La historia de este país se ha construido con la sangre de los que protestan, de los que buscan la justicia, de los que defienden la libertad, de los que quieren vivir en paz.
Tres versos le bastan a José Emilio Pacheco para definirnos:

Próceres

Hicieron mal la guerra,
mal el amor,
mal el país que nos forjó malhechos.

Lo releo y vuelvo al poema de Ricardo López Méndez que nos hicieron repetir hasta el fastidio en la primaria:

México, creo en ti,
porque creyendo te me vuelves ansia
y castidad y celo y esperanza.
Si yo conozco el cielo es por tu cielo,
si conozco el dolor es por tus lágrimas
que están en mí aprendiendo a ser lloradas.

Las lágrimas siguen aprendiendo a ser lloradas por nosotros, pienso mientras veo la corrupción paseándose por las calles con su carcajada grotesca y sus corrosivos escupitajos en nuestra cara y me pregunto México, ¿creo en ti?

Y vuelvo al México florido y espinudo de Neruda:

[En México] Todo podía pasar, todo pasaba. El único diario de la oposición era subvencionado por el gobierno. Era la democracia más dictatorial que pueda concebirse.
Recuerdo un acontecimiento trágico que me conmovió terriblemente. Una huelga se prolongaba en una fábrica sin que se vislumbrara solución. Las mujeres de los huelguistas se reunieron y acordaron visitar al presidente de la república, para contarle tal vez sus privaciones y sus angustias. Por supuesto que no llevaban armas. Por el camino adquirieron algunas flores para obsequiárselas al mandatario o a su señora. Las mujeres iban penetrando al palacio cuando un guardia las detuvo. No podían continuar. El señor presidente no las recibiría. Debían dirigirse al ministerio correspondiente. Además, era preciso que desalojaran el sitio. Era una orden terminante.
Las mujeres alegaron su causa. No ocasionarían la menor molestia. Querían solamente entregar esas flores al presidente y pedirle que solucionara la huelga pronto. Les faltaba alimentación para sus hijos; no podían seguir así. El oficial de la guardia se negó a llevar ningún recado. Las mujeres, por su parte, no se retiraron.
Entonces se oyó una descarga cerrada que provenía de la guardia del palacio. Seis o siete mujeres quedaron muertas en el lugar, y muchas otras heridas.
Al día siguiente se efectuaron los apresurados funerales. Pensaba yo que un inmenso cortejo acompañaría a aquellas urnas de las mujeres asesinadas. No obstante, escasas personas se reunieron. Eso sí, habló el gran líder sindical. Éste era conocido como un eminente revolucionario. Su discurso en el cementerio fue estilísticamente irreprochable. Lo leí completo al día siguiente en los periódicos. No contenía una sola línea de protesta, no había una palabra de ira, ni ningún requerimiento para que se juzgara a los responsables de un hecho tan atroz. Dos semanas más tarde ya nadie hablaba de la masacre. Y nunca he visto escrito que alguien la recordara después.

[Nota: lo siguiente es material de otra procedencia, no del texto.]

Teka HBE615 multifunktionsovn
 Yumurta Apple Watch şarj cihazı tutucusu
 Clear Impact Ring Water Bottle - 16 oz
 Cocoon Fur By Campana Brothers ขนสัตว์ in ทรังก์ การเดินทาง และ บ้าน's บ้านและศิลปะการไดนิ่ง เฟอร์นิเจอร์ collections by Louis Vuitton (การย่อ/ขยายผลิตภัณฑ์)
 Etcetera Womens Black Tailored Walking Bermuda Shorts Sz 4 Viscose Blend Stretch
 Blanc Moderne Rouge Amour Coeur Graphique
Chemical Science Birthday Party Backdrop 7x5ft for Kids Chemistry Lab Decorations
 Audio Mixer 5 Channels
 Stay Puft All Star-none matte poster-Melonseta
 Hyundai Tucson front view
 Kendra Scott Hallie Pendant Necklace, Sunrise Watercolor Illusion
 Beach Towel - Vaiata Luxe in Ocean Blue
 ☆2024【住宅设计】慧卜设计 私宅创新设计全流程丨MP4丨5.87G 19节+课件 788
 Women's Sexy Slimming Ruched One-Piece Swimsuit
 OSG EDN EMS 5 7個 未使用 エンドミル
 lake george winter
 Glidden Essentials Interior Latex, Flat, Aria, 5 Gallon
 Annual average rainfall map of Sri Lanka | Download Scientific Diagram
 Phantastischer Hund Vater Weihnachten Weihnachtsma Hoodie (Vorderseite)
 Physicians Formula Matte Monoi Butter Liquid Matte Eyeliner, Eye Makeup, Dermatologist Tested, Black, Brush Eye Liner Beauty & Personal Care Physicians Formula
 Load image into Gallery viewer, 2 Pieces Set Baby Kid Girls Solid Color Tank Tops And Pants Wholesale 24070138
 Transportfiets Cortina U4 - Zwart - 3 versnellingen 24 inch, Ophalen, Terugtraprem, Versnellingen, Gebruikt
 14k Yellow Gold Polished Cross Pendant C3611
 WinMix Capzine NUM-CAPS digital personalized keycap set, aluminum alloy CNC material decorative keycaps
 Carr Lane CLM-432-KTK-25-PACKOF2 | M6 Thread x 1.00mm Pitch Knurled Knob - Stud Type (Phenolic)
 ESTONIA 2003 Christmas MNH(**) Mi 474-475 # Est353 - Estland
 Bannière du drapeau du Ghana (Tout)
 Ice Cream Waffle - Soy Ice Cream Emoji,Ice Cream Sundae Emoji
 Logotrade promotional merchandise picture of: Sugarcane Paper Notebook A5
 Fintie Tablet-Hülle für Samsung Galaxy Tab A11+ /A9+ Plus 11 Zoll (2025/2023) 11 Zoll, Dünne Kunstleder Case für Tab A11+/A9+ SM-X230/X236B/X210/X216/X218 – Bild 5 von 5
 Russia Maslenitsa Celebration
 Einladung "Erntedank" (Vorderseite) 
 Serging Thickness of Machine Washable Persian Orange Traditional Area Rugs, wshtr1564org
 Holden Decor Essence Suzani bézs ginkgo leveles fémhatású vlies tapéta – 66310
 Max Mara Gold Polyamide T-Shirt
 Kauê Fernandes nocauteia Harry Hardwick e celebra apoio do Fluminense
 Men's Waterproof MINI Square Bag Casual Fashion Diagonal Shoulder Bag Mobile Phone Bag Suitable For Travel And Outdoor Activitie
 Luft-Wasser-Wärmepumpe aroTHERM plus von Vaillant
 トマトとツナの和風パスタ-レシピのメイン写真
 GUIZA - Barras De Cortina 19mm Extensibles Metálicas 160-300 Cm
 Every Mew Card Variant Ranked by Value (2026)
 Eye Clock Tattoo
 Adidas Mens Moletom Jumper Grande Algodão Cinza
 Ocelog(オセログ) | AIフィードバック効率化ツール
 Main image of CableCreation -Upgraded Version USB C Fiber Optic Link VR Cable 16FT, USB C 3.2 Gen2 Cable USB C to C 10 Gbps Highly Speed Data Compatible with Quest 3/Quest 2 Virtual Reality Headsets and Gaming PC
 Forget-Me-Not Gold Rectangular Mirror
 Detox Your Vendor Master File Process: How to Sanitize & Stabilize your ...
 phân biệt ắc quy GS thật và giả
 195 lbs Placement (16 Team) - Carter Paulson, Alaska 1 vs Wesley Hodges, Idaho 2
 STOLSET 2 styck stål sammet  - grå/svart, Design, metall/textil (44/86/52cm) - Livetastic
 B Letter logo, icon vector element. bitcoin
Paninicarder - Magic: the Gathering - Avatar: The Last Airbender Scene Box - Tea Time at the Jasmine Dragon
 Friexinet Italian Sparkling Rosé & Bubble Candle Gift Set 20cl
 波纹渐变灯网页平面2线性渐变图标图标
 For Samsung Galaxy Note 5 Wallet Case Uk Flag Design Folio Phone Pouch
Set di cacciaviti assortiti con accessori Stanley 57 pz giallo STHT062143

Esto fue en los años 40, siete décadas después la represión sigue lacerándonos. México, ¿creo en ti? vuelvo a preguntarme cuando veo las persecuciones, las masacres, el encono que tiene a este país revolviéndose como fiera herida que se resiste al exterminio.

México, creo en ti,
porque escribes tu nombre con la X
que algo tiene de cruz y de calvario:
porque el águila brava de tu escudo
se divierte jugando a los “volados:
con la vida y, a veces, con la muerte.

México, ¿creo en ti?, ¿puedo creer en un país en el que los niños son secuestrados solamente porque son niños, en el que los que protestan son amenazados o golpeados solamente porque protestan, en el que las mujeres son asesinadas solamente porque son mujeres, jóvenes, guapas y pobres o solamente porque son mujeres, jóvenes y pobres, o solamente porque son mujeres y jóvenes, o solamente porque son mujeres, en el que los que toman fotos y los que dicen la verdad son asesinados solamente porque toman fotos, porque dicen la verdad, y los que organizan encuentros de danzantes son exterminados porque eso sí que está cabrón, es sumamente peligroso?
La serpiente, me parece, está devorándose al águila y al nopal, y engorda y crece y su veneno ponzoñoso alcanza a más y más y más inocentes.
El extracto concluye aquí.